散歩の五百八話 馬車内でのお互いの自己紹介
とても天気がいい中、僕たちを乗せた馬車は王都を出て街道を進んでいます。
流石に王都内は周囲を警戒していたけど、街道に出たので改めてアイさんから話を聞くことにしました。
でも、その前にアイさんからお話があります。
因みに、全員こたつに入っています。
「皆様、どうか私のことは呼び捨てでお願いします。主人が侍従に気安く話をすると、その主人の品格が問われます」
アヤさんとアイさんはスー付きの侍従だから、僕がスーを呼び捨てで呼んでいるのに侍従にさん付けは確かに良くないね。
それに、二人に気を使った話し方も良くないだろう。
「分かった、これからはアヤ、アイと呼ぶよ」
「「「「アヤお姉ちゃんとアイお姉ちゃんだよ」」」」
「シュン様は理解が早くてとても助かります。シロ様達は、まだこれからですね」
アイがニコリとして頷いたので、これで大丈夫です。
シロ達から、新しいお姉さんって感じが抜けるのはまだ先だろう。
「では、改めてアイと申します。姉共々、宜しくお願いいたします。シュン様はスーザン殿下の将来の旦那様と聞かされておりましたが、陛下と王妃様に堂々と話されている姿を見るに納得しております」
「あのね、シュンお兄ちゃんとスーお姉ちゃんはいつも新婚さんごっこしているんだよ。今日も、スーお姉ちゃんがシュンお兄ちゃんの服を直していたんだよ」
「お二人は既にその様なご関係なのですね。
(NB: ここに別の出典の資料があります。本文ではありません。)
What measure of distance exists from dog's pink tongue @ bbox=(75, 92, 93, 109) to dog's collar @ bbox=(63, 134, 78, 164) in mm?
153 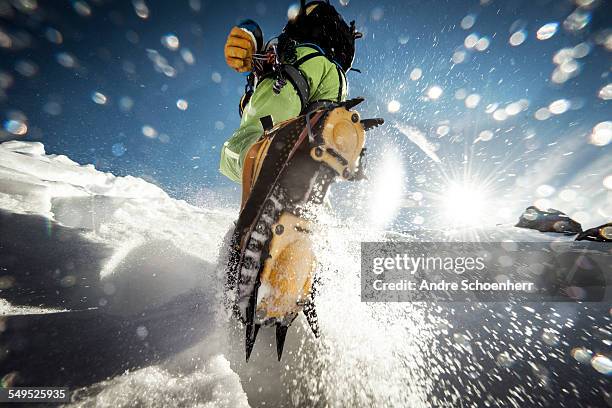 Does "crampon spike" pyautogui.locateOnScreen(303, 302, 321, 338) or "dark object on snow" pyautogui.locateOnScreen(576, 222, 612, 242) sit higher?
"crampon spike" pyautogui.locateOnScreen(303, 302, 321, 338)

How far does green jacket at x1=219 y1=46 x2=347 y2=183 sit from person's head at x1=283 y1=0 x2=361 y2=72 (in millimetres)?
316

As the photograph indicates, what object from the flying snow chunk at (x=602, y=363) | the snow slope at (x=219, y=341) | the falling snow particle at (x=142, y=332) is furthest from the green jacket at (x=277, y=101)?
the flying snow chunk at (x=602, y=363)

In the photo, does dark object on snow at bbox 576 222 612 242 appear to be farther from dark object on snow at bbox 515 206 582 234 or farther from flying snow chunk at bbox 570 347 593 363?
flying snow chunk at bbox 570 347 593 363

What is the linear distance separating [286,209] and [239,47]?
1471 millimetres

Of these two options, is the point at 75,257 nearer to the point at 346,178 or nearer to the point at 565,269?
the point at 346,178

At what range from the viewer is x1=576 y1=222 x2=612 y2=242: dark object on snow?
10.5 metres

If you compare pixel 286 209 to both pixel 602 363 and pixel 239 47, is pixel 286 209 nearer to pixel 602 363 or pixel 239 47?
pixel 239 47

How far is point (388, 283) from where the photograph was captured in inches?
159

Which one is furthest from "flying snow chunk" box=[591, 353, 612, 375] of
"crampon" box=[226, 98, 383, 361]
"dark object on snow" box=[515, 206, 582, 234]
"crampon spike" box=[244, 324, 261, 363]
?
"dark object on snow" box=[515, 206, 582, 234]

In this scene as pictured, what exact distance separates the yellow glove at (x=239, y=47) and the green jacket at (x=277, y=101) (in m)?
0.27

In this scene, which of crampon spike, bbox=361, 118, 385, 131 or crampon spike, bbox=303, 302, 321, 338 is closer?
crampon spike, bbox=361, 118, 385, 131

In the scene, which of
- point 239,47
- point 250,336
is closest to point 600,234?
point 250,336

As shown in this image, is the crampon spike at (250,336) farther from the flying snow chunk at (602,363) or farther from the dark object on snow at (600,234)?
the dark object on snow at (600,234)

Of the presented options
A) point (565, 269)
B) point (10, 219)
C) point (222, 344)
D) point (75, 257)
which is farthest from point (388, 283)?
point (565, 269) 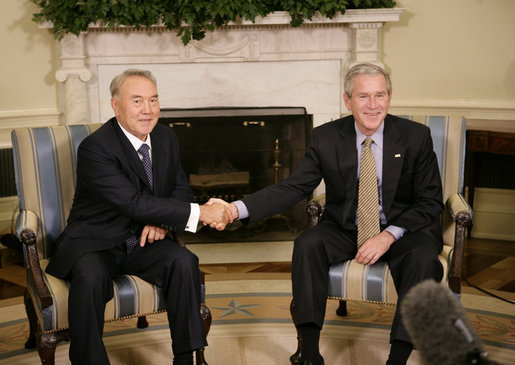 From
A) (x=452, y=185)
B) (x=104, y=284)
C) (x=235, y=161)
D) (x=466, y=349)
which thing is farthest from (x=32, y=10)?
(x=466, y=349)

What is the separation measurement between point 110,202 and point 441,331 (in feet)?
6.60

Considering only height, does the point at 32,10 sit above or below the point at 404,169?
above

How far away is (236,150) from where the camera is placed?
461 centimetres

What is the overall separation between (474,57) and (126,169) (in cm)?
310

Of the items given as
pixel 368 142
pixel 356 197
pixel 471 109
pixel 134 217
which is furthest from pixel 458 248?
pixel 471 109

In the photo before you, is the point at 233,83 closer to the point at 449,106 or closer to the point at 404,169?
the point at 449,106

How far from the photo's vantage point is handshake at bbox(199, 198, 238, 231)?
2.71m

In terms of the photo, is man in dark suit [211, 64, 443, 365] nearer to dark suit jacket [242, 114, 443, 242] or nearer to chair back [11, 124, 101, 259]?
dark suit jacket [242, 114, 443, 242]

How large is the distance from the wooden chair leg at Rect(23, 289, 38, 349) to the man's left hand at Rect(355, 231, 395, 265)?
4.76 ft

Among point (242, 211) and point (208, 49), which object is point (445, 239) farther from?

私もとても安心いたしました」
「あう……」
既にヴィクトリー男爵家の使用人も僕とスーの事はスルーしているし、陛下も王妃様もスルーしている。
だから、スーも顔を真っ赤にしなくても良い気がするけどね。
「しかし、朝から驚く事ばかりです。この馬車も見た目はただの幌馬車なのに、最新鋭の設備だとは。ここまで揺れない馬車は初めてです」
「西の辺境伯領で購入した最新鋭の馬車ですから。馬も特別な馬なのですが、更にパワーアップしました」
「ま、まさか馬が人の言葉を理解する以上の事があるのですか?」
馬車も凄いけど、馬も凄いからなあ。
そろそろ二人にうちの馬が魔法を使う事を教えないとと思ったら、ちょうど良いタイミングで御者席から声が上がった。
「あっ、前方からオオカミ……えっ、ええ! う、馬が魔法を?」
馬車が一旦停止したと思ったら、どうやら街道脇から現れたオオカミを馬が魔法を使って倒したらしい。
その様子をまともに見たアヤが、ビックリしたまま固まってしまった。
一旦全員馬車から降りて、改めて二人に馬の説明をします。
その隙に、アオが馬が倒したオオカミのところに行って血抜きとアイテムボックスへの収納をしています。
「この馬は、実は魔法が使えます。風魔法系の放出魔法も身体能力強化も、もちろん魔法障壁も扱えます。身体能力強化を使って魔法障壁を展開したまま突っ込めば、ゴブリンキングも容易に倒します。因みに馬の師匠は、オオカミの血抜きをしているスライムのアオです」
「「ブルル」」
「じ、常識が崩れていきます。馬が魔法を使って、師匠がスライムだとは……」
「じ、実は皆様はとんでもない戦力を保有しているのではないでしょうか……」
うん、アヤとアイは未だに目の前で起きている現実を受け入れる事ができない。
二人の頭の処理が追いついていないので、これでは御者をするのは無理だろう。
アオの紹介も兼ねて二人には馬車の中に乗ってもらい、暫く僕が御者をする事になりました。
僕の予想では、アオの凄さを知って二人はまた固まるのではないかと思っています。